Well, it was amazing once we began talking not of books but of life, how really eloquent and human he became. From being a distant and uncomfortable person, he became at once like a near neighbour and friend. It was strange to me—as I have thought since—how he conveyed to us in few words the essential emotional note of his life. It was no violin tone, beautifully complex with harmonics, but the clear simple voice of the flute. It spoke of his wife and his baby girl and his home. The very incongruity of detail—he told us how he grew onions in his back yard—added somehow to the homely glamour of the vision which he gave us. The number of his house, the fact that he had a new cottage organ, and that the baby ran away and lost herself in Seventeenth Street—were all, curiously, fabrics of his emotion.
It was beautiful to see commonplace facts grow phosphorescent in the heat of true feeling. How little we may come to know Romance by the cloak she wears and how humble must be he who would surprise the heart of her!
It was, indeed, with an indescribable thrill that I heard him add the details, one by one—the mortgage on his place, now rapidly being paid off, the brother who was a plumber, the mother-in-law who was not a mother-in-law of the comic papers.

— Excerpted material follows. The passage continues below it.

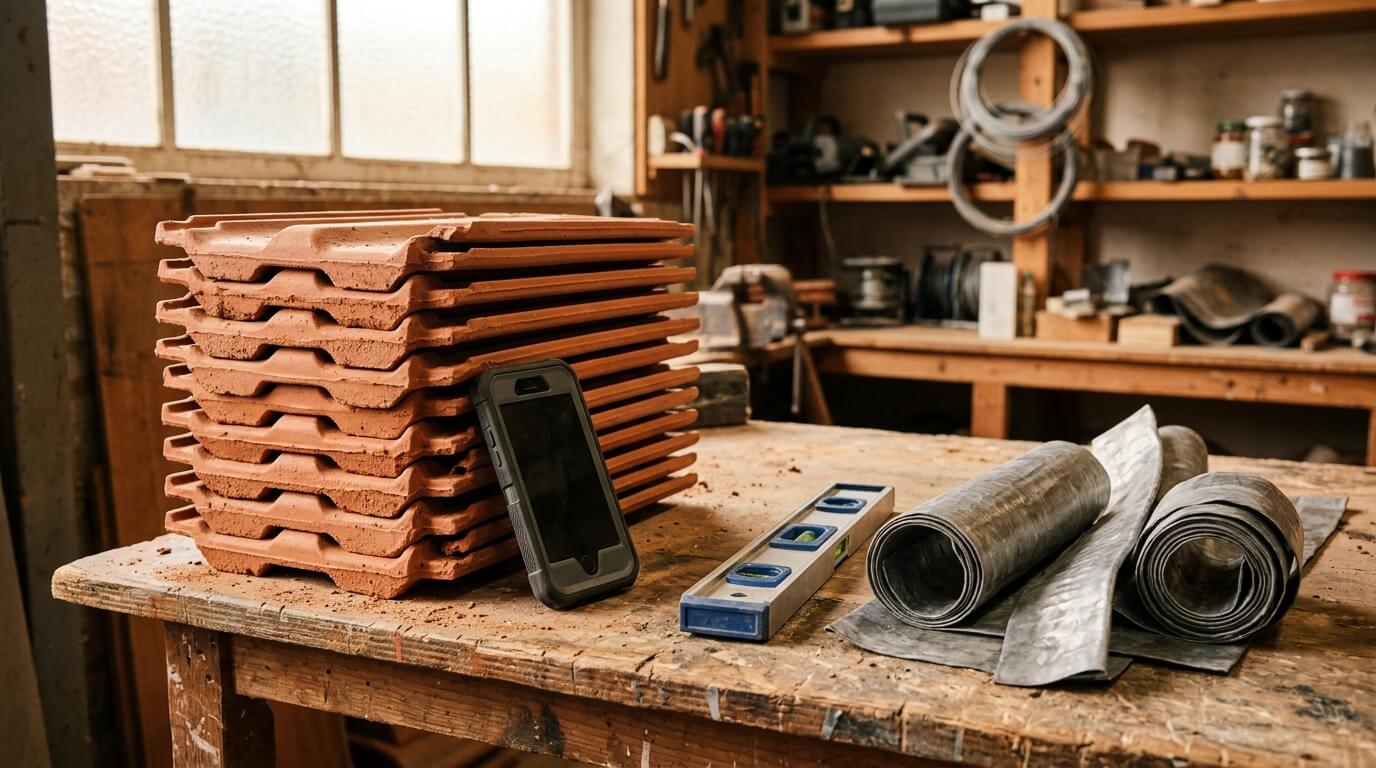 Gereedschap en dakpannen uitgestald op een dakkap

And finally he showed us the picture of the wife and baby that he had in the cover of his watch; a fat baby with its head resting on its mother's shoulder.
"Mister," he said, "p'raps you think it's fun to ride around the country like I do, and be away from home most of the time. But it ain't. When I think of Minnie and the kid—"
He broke off sharply, as if he had suddenly remembered the shame of such confidences.
"Say," he asked, "what page is that poem on?"
I told him.
"One forty-six," he said. "When I get home I'm going to read that to Minnie. She likes poetry and all such things. And where's that other piece that tells how a man feels when he's lonesome? Say, that fellow knew!"
We had a genuinely good time, the agent and I, and when he finally rose to go, I said:
"Well, I've sold you a new book."
"I see now, mister, what you mean."
I went down the path with him and began to unhitch his horse.
"Let me, let me," he said eagerly.
Then he shook hands, paused a moment awkwardly as if about to say something, then sprang into his buggy without saying it.
When he had taken up his reins he remarked:
"Say! but you'd make an agent! You'd hypnotise 'em."
I recognised it as the greatest compliment he could pay me: the craft compliment.
Then he drove off, but pulled up before he had gone five yards. He turned in his seat, one hand on the back of it, his whip raised.
"Say!" he shouted, and when I walked up he looked at me with fine embarrassment.
"Mister, perhaps you'd accept one of these sets from Dixon free gratis, for nothing."
"I understand," I said, "but you know I'm giving the books to you—and I couldn't take them back again."